The long volcanic seams where Earth's crust is born appear as faint, snaking lines cutting through the world's oceans. The earthquakes along these so-called spreading centers tend to be rather mild. The best studied spreading center, called the Mid-Atlantic Ridge, bisects the Atlantic Ocean, on the right side of the image.
Its Pacific counterpart wanders along the eastern edge of the Pacific Ocean, cutting a wide swath offshore of South America. Another spreading center makes a jog though the Indian Ocean and up through the Red Sea.
But one glance at the map shows that the real earthquake action is elsewhere. [7 Ways the Earth Changes in the Blink of an Eye]
Subduction zones, the places where tectonic plates overlap and one is forced to dive deep beneath the other and into the Earth's crushing interior — a process that generates the biggest earthquakes on the planet — stand out like a Vegas light show.
Nelson said this concept hit home particularly for the Ring of Fire, the vast line of subduction zones around the northern and western edge of the Pacific Ocean.
"I have a general sense of where it is, and a notion of plate tectonics, but when I first pulled the data in and started painting it in geographically, it was magnificent," Nelson said. "I was awestruck at how rigid those bands of earthquake activity really are."
That realization prompted one big decision about the map's design, Nelson said.

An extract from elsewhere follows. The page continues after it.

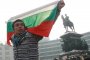 Протестиращите искат забрана или разпускане на ДПС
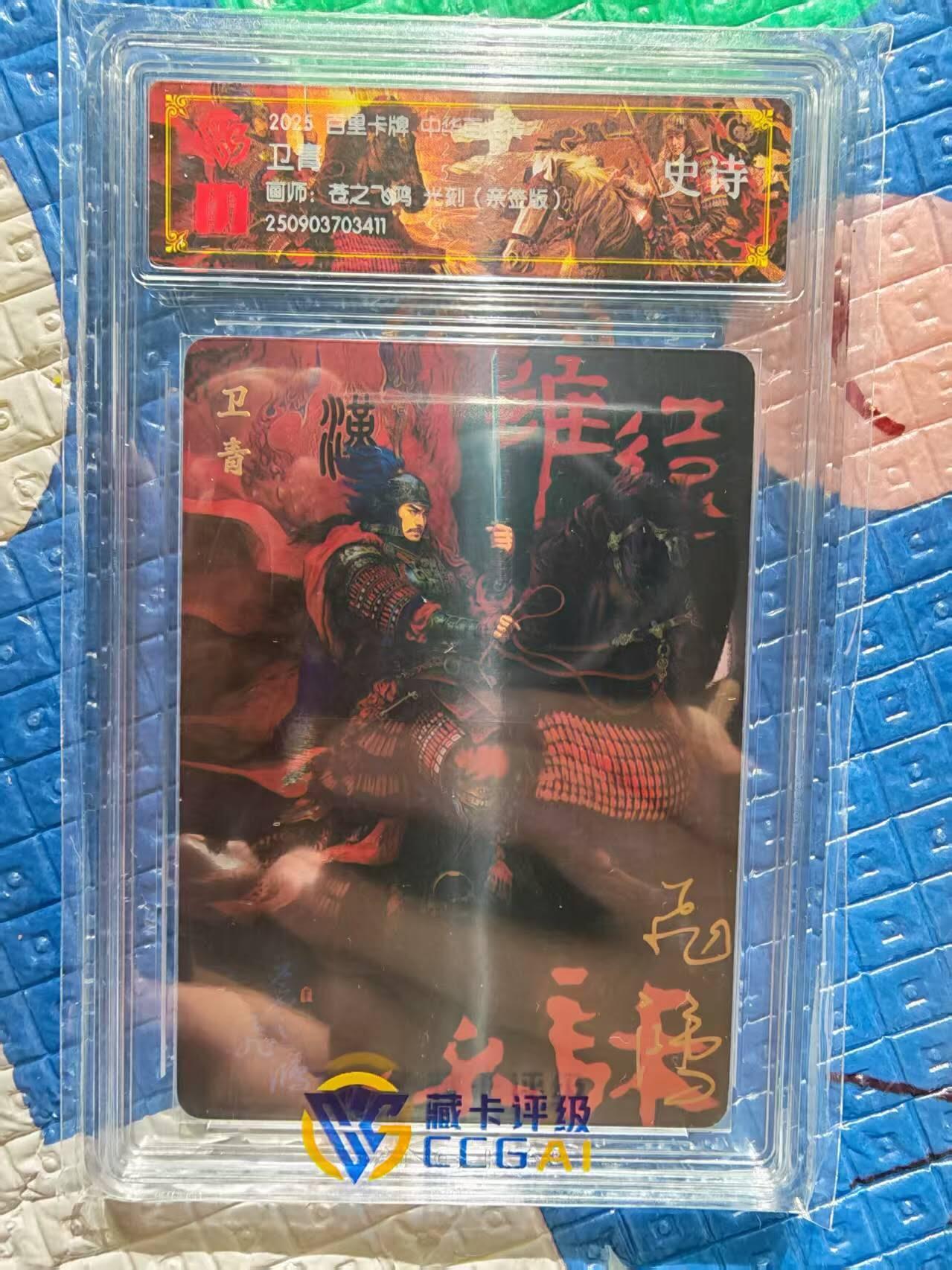 春节前倒数第二场！！龙虎卡牌-七四场（满200元包邮，无佣金，每周六结拍，欢迎送拍）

Unlike many maps made in the United States, this one is centered over the Pacific Ocean. "That looked like where the magic was happening," Nelson said. California, a spot rattled by quakes where faults jolt horizontally, also shines brightly.
There are undoubtedly many earthquakes missing, given the dramatic change in scope and accuracy of seismological instruments from 1898 to the present day. Nelson said he saw a huge jump in the volume of data from the 1960s forward. Yet even without the complete catalog of earthquakes, the map provides a striking visual reference — even though none of the data are new.
All the earthquake information and maps are freely available on the Internet courtesy of the U.S. Geological Survey, university and state partners in California, and NASA.
"There's nothing new about plotting earthquakes," Nelson said. "It's just presenting it in an interesting way."
And although he was modest about his own role as a designer, Nelson emphasized the value of design in making data more engaging. The project was a follow-up to a recent map of more than 50 years of tornado tracks across the United States; he said both maps are designed to get people more interested in the larger phenomena behind them. "To get them to start asking questions," Nelson said.
In short, a colorful map will grab people more than an Excel spreadsheet, even when both contain the same information.
"It seems almost superficial, but it's true," Nelson said. "If something is treated with thoughtful design, then it becomes better."